Amateurs et paléontogues, des objectifs distincts
Tous les scientifiques ne s’opposent cependant pas à cette interdiction. Jacques Avoine, président de l’association Patrimoine géologique de Normandie, a été consulté lors de la préparation du dossier de création de la réserve. Il rappelle que l’accès aux falaises, trop dangereux, est déjà réglementé par de nombreux arrêtés municipaux, et que le ramassage des fossiles sur la plage n’est qu’une tolérance, les falaises des Vaches noires étant déjà classées.

La Dreal a toutefois prévu des exceptions à l’interdiction de ramassage. À condition d’adhérer à une association ayant passé une convention avec la réserve, et en cas d’opérations à visées scientifiques ou pédagogiques, le ramassage pourra continuer. Mais individuellement, il restera proscrit. Pour Nathalie Bardet, cette solution n’est pas adaptée. « Les amateurs sont plus souvent présents sur le terrain. En tant que paléontologues professionnels, nos objectifs sont bien différents et ne se limitent pas aux campagnes de fouilles », certifie-t-elle.
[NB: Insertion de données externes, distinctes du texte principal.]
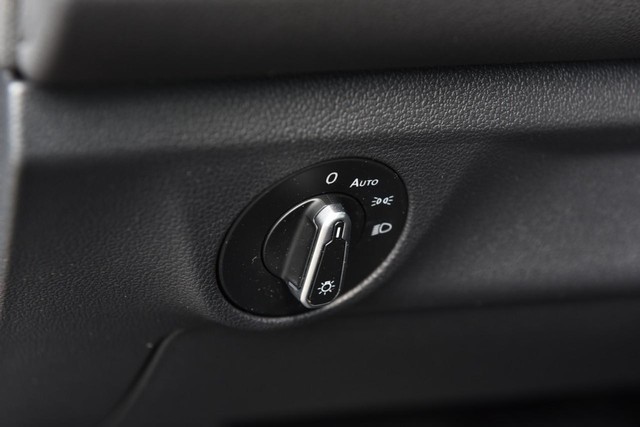Volkswagen Jetta Vehicle Image 11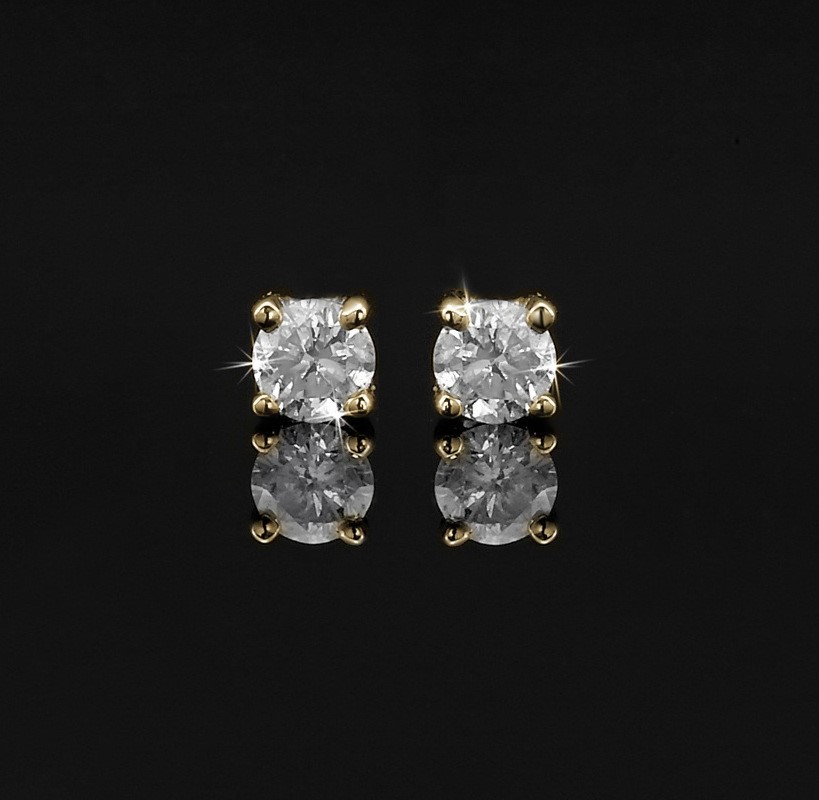 Men's Solid 9ct Yellow Gold (stamped 375) Diamond Earring(only 1 not pair)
Des représentants politiques locaux montent au créneau. Sénateur LR (Les Républicains) du Calvados, Pascal Allizard a adressé fin février une question écrite au ministre de la Transition écologique et de la Cohésion des territoires, Christophe Béchu. L’élu « souhaite savoir si le gouvernement entend prendre en compte les observations des collectivités territoriales concernées et l’avis des paléontologues, et revenir sur le principe de l’interdiction de collecte des fossiles dans le cadre du projet de réserve. » Il s’inquiète aussi des conséquences sur le tourisme local, stimulé par la recherche de fossiles. Christophe Blanchet, député (MoDem) de la 4e circonscription du Calvados, prévoit, lui aussi, de questionner l’Assemblée nationale. Il s’interroge sur l’absence d’implication dans ce dossier des ministères de la Culture et de l’Enseignement supérieur et de la Recherche.

En attendant, le projet doit être présenté ce mois-ci pour avis au Conseil national de la protection de la nature (au sein duquel ne siège aucun paléontologue), avant une consultation interministérielle, puis l’avis du Conseil d’État. La Dreal espère une publication du décret de création de la réserve au début de l’année 2024. D’ici là, les acteurs locaux continuent de se mobiliser pour sauver ce qu’ils considèrent comme un « patrimoine scientifique et culturel inestimable ».